FT TOP 100 FILMS
18: THE SEVEN SAMURAI

Martin Skidmore says:

Someone started a thread some time ago on ILE trying to cast considerable suspicion on people who ‘claim’ this is their favourite movie. It is my favourite movie.

It’s not my favourite because of its sophisticated and rich examination of feudal Japan, and the roles of peasantry and unemployed samurai, or ronin, an approach that looks far beneath the traditional mythologising. It’s not for the beauty and layering and artistry of the compositions, those three-levelled scenes Kurosawa sets up so neatly. It is not so that I can sneer at fans of The Magnificent Seven, its cowboy remake, which is itself a good film. It’s not because this is a great foreign art film, worthy of our respect and admiration.

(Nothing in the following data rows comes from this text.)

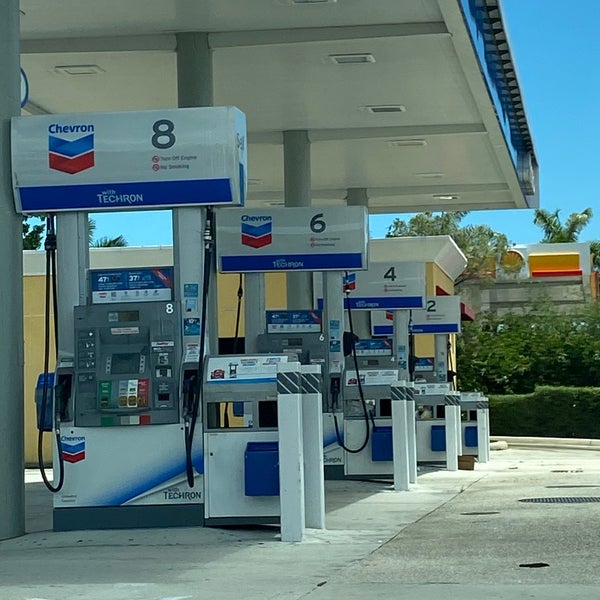 Chevron Miami International Airport 2 Tips From 120 Visitors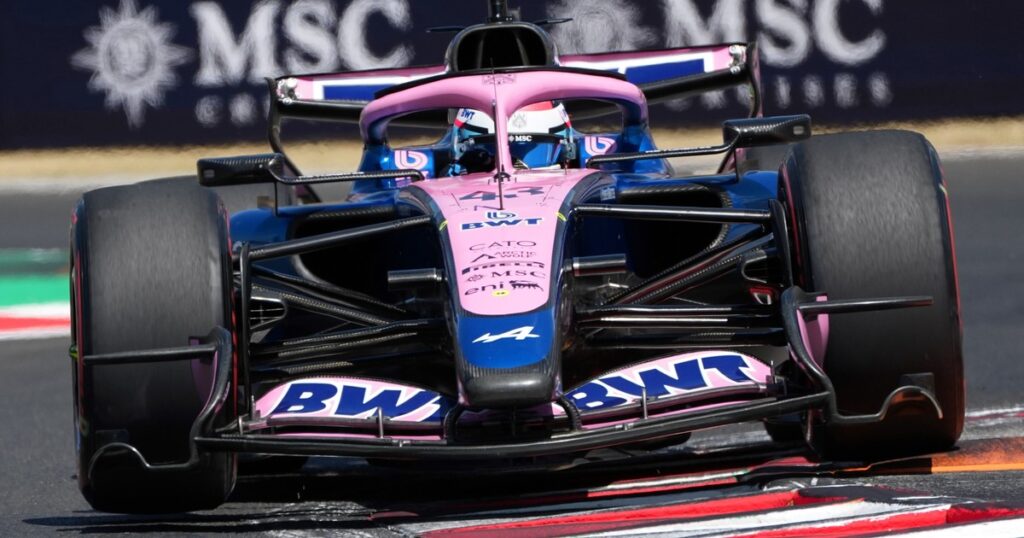 A qué hora corre Franco Colapinto y cómo se podrá ver hoy EN VIVO la carrera de la F1 en Hungría imagen-5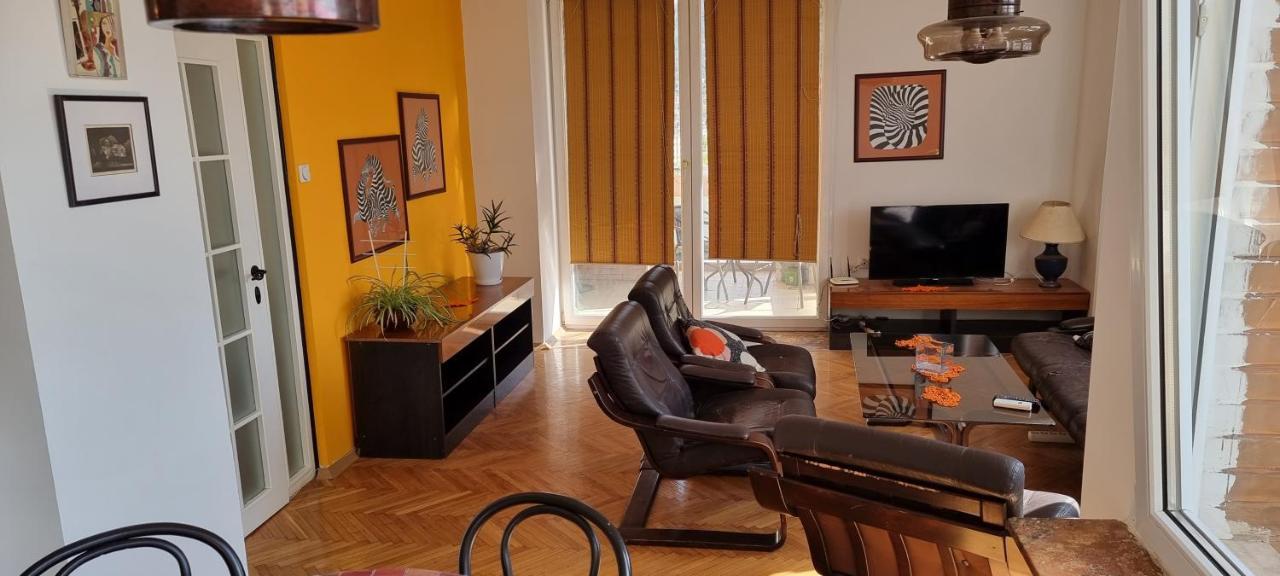 Risto Apartment Skopje Exterior foto
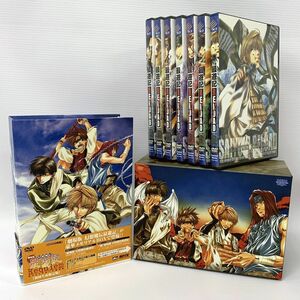 幻想魔伝最遊記コンプリートDVD-BOX+最遊記 RELOAD(初回限定版)全7巻セット+劇場版 幻想魔伝最遊記/店頭併売品《DVD部門・山城店》O1906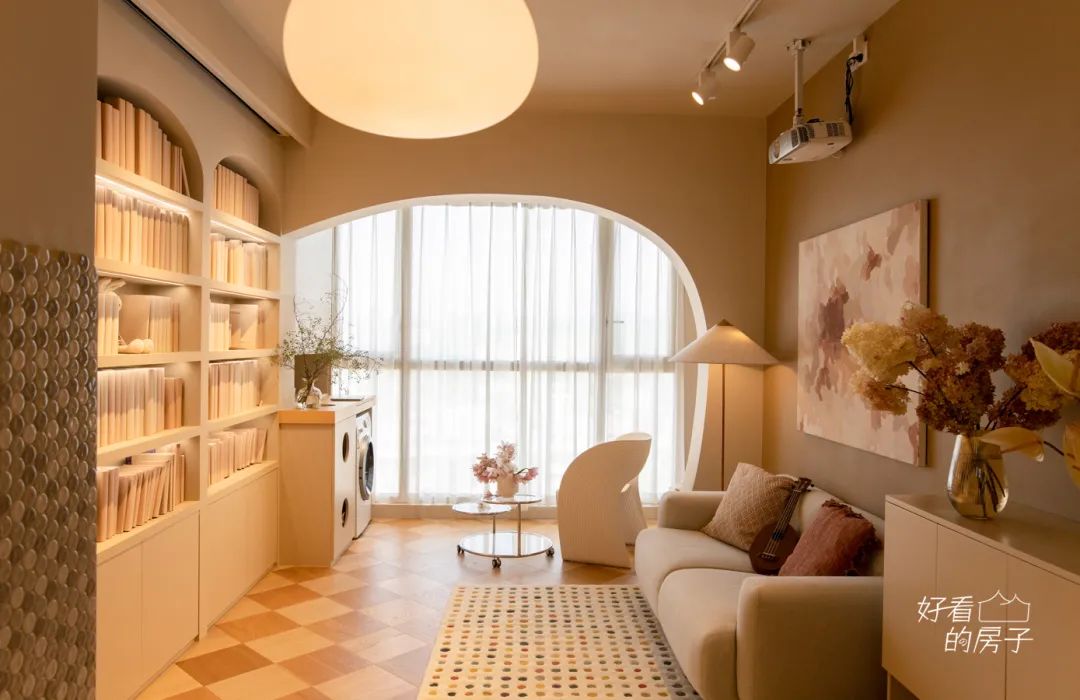 好看的房子里面家具,好看的房子还有一些细节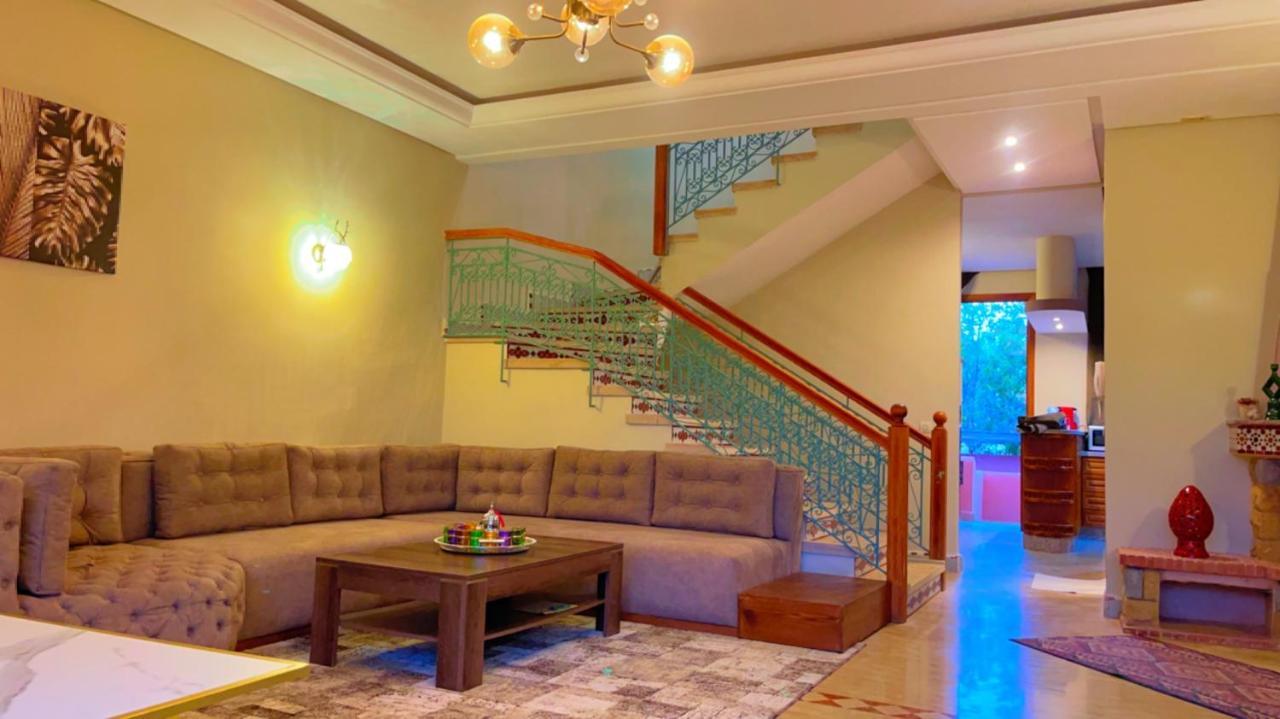 Marrakech Villa *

I love this film so much because it moves and excites me. It wasn’t made as an art movie: it was a pretty mainstream film in Japan, a samurai thriller – it’s no more an art film than were John Ford’s or Howard Hawks’ westerns, and these are far better comparisons than Renoir, and especially than another Japanese giant such as Ozu. It’s a film of huge vigour and energy, emotional and kinetic. It has one of the biggest, most colourful and powerful and memorable performances I’ve ever seen, from Toshiro Mifune as the common-man samurai. It sets up a dangerous situation for an isolated village threatened by bandits; the villagers struggle to put together a group of warriors to protect them (I always enjoy these building-a-team sequences, and every character here gets a good introduction); the team make their plans and build their defences and train the villagers; and then the attack comes, and they face up to it in a titanic, extended action sequence, in torrential rain, the characters slipping and falling in the mud, dying in the dirt. You don’t have to give a damn about art movie values to find this an immensely thrilling and unforgettable movie.